Silver nanoparticles induce apoptotic cell death in cultured cerebral cortical neurons

Silver nanoparticles (SNPs) have been widely produced and exploited in diverse products, primarily because of their antimicrobial properties. The present study investigated the induction of apoptotic cell death and oxidative stress in cultured cortical neurons in response to SNP exposure. In order to assess the toxicity of SNPs, the cultured cortical neurons were exposed to 0.4, 2, and 10 μg/mL of SNPs for 6, 12, and 24 h. Lactate dehydrogenase released from damaged cells was quantified and the levels of intracellular reactive oxygen species (ROS) were measured using 2′-7′-dichlorofluorescin diacetate.

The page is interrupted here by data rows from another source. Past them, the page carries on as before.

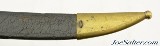 Napoleonic Briquet Short Sword with Scabbard - 14 of 15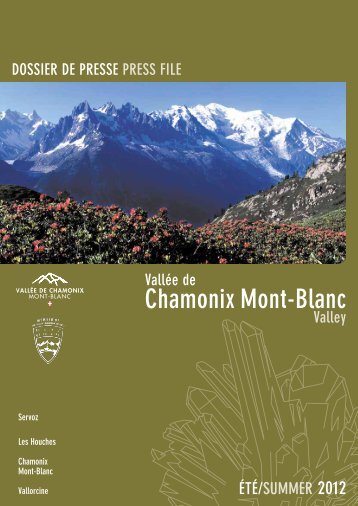 Chamonix Mont-Blanc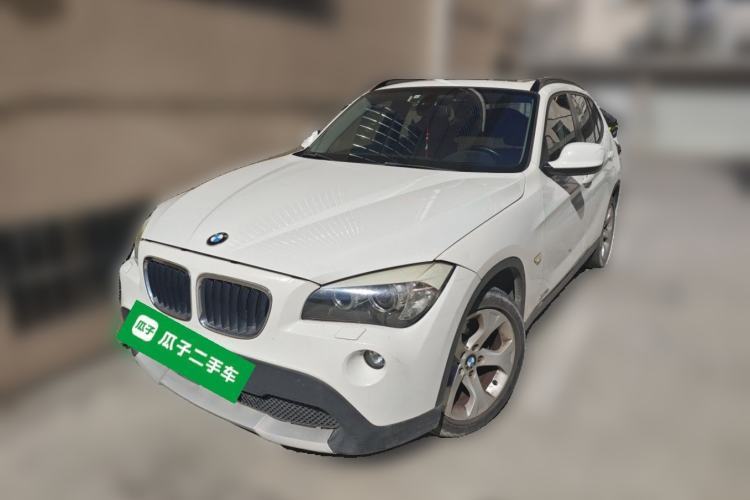 Used BMW X1 2012 sDrive18i Luxury Model Guazi used car, China used car export, Used car for sale, Used  cars, Cheapest cars for sale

Apoptosis induced by SNPs was analyzed using terminal deoxynucleotidyl transferase dUTP nick-end labeling (TUNEL), a DNA ladder assay and Western blot analysis. SNPs inhibited the viability of cerebral cortical neurons in a dose- and time-dependent manner. Levels of ROS increased significantly at 12 and 24 h after treatment. TUNEL showed that compared with controls, numerous apoptotic cells appeared in the treated cultures at 12 and 24 h after treatment. DNA fragmentation in SNP-exposed cells suggested apoptosis. Western blot analysis demonstrated that cleaved caspase-3 protein expression increased significantly in a time-dependent manner. These results suggest that SNPs cause cytotoxicity and neuronal apoptosis through increasing intracellular ROS production in cultured cortical neurons.